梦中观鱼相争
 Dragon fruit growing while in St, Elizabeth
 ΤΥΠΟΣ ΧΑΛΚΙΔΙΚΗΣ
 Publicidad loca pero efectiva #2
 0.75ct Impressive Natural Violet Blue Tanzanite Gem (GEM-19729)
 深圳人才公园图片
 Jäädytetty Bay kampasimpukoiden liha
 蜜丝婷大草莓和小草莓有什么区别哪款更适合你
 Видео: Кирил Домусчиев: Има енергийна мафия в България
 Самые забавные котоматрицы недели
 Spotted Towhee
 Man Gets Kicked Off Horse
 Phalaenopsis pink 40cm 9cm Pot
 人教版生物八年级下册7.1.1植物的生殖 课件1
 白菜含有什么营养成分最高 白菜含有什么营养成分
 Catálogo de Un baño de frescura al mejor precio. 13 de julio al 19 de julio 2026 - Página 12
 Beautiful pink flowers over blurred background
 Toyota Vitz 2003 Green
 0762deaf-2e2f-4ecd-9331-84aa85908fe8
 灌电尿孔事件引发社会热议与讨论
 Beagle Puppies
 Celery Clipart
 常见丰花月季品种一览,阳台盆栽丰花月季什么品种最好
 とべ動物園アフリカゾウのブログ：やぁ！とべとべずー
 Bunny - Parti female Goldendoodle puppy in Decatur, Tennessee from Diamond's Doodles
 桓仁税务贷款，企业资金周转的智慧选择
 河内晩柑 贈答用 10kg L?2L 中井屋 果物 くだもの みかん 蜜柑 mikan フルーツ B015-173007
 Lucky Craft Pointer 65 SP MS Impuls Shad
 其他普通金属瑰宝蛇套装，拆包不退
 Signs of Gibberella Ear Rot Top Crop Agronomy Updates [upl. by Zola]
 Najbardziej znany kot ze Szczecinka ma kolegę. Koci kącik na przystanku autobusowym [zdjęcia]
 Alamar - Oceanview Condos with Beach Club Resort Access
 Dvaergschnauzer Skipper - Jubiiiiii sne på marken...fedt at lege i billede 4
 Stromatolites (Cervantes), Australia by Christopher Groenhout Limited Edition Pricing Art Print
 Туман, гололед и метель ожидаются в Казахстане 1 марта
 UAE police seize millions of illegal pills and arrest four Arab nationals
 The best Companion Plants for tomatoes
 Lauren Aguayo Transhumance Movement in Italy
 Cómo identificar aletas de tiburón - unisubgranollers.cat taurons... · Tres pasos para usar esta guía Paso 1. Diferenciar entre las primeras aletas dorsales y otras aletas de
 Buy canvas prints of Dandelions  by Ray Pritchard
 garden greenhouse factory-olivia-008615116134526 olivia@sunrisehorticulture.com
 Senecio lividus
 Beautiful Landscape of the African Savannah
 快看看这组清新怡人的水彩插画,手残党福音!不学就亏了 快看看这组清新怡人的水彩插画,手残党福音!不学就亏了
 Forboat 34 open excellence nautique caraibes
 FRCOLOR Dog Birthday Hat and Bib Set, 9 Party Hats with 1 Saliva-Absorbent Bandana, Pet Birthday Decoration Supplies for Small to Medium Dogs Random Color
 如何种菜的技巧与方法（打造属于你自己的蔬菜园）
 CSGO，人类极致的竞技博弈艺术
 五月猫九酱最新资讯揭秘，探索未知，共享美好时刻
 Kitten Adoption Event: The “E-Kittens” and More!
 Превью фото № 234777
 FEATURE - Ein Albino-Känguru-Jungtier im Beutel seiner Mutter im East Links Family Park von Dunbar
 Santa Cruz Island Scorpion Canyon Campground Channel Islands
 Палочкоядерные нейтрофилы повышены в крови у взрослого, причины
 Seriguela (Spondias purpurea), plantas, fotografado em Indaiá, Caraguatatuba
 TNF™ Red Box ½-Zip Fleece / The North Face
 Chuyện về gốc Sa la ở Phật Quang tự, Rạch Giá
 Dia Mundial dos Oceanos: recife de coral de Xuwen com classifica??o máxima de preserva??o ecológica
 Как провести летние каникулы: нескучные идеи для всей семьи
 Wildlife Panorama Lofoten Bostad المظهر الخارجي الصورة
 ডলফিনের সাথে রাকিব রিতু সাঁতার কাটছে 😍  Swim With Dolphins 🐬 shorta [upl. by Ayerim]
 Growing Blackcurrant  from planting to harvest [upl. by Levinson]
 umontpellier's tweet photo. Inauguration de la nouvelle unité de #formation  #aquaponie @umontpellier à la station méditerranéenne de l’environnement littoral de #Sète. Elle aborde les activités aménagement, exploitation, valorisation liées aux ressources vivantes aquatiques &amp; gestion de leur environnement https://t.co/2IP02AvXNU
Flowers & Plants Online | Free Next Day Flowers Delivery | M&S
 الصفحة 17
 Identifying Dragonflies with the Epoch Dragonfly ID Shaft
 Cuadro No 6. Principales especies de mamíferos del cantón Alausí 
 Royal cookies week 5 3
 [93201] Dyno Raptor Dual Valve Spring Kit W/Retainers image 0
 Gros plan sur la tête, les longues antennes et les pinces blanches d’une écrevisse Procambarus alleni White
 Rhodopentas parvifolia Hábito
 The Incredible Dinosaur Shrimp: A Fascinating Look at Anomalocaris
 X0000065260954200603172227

----

ABOUT THIS TASK → Among the entries above, how many lines contain the string "Plants"? Only the number should be given.

ANSWER SPACE → 2